Surrounded by tribal elders, Me-Wuk Tribal Chairman Kevin Day cuts the ribbon as tribal elders Mildred Hawkins (left) and Dorothy Standage (center) hold the large scissors at the grand opening. Maggie Beck / Union Democrat
With a blessing, the click of cameras and a snip of some scissors, the new hotel at Black Oak Casino Resort formally opened Wednesday.
Members of the public and Tuolumne Band of Me-Wuk Indians gathered for a special ribbon cutting ceremony for the hotel, which quietly opened earlier this month. Tribal leaders also celebrated the 12th anniversary of the Black Oak Casino, recognizing how far the popular destination has come since opening as a 28,000 square-foot hall with some slot machines and a few table games.
"All we had was a popcorn machine and some sodas in the middle of the floor," casino and resort Manager Ron Patel said.
Now the resort boasts the largest hotel in Tuolumne and Calaveras counties, with 148 rooms and 16 suites. The new, five-story building also holds about 6,000 square-feet of space in multiple rooms for meetings, conferences and other public events. An outdoor pool is planned, as well.

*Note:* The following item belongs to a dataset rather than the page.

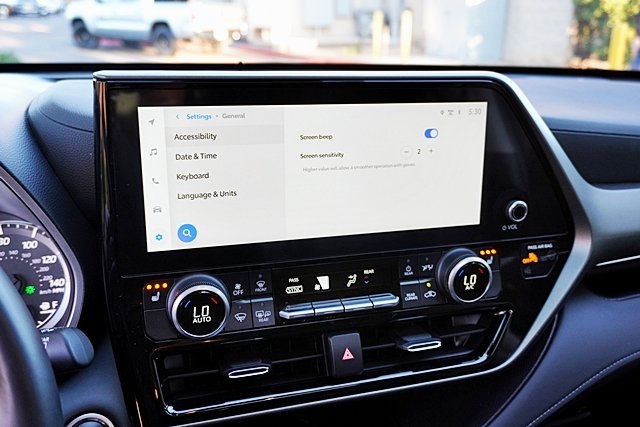 Used 2024 White Toyota LE image 26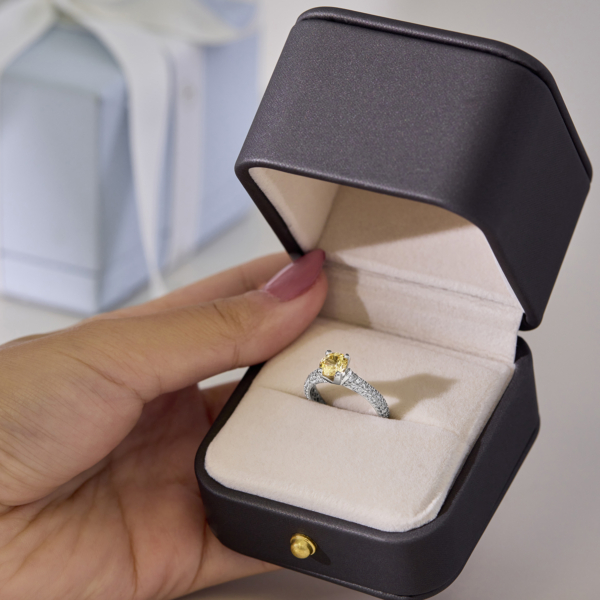 custom and bespoke engagement ring made in sydney, melbourne and brisbane for larsen jewellery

During the grand opening ceremony, Patel chronicled the tribe's journey since the casino's first opening in 2001, when they had 160 employees and a warehouse building that has since been replaced with a parking garage. In January 2005, the casino that exists today opened followed by the lower floor for family activities. The Seven Sisters restaurant opened later that year, with the casino expanding in 2009.
Even after seeing delays and cutbacks from the recession, Patel said they now employ about 1,000 people and have "a major effect" on the local economy.
Multiple tribal, local and state officials spoke at the ceremony, which was opened with a ceremonial blessing and followed by a reception for invitees. Construction crews have been working for months on the hotel site, and the hotel saw a limited opening in April when some rooms were available. Tribal officials have also said expansion options are available in the future for the hotel.
Tribal Chair Kevin Day said he doesn't think American Indian tribes were expected to do as well as they did when legislation was first passed to allow tribal gaming operations.
"If you do things right, you work with your community, you can't fail," Day said.
Today the property also includes a 1,000-space parking garage, and construction was completed about a year ago on a gas station and mini-mart with the intention of serving motorists and hotel guests. The 164,000-square-foot casino has 1,200 slot machines, 24 table games, a poker room, four restaurants, a stage for live entertainment, a bowling center and an arcade.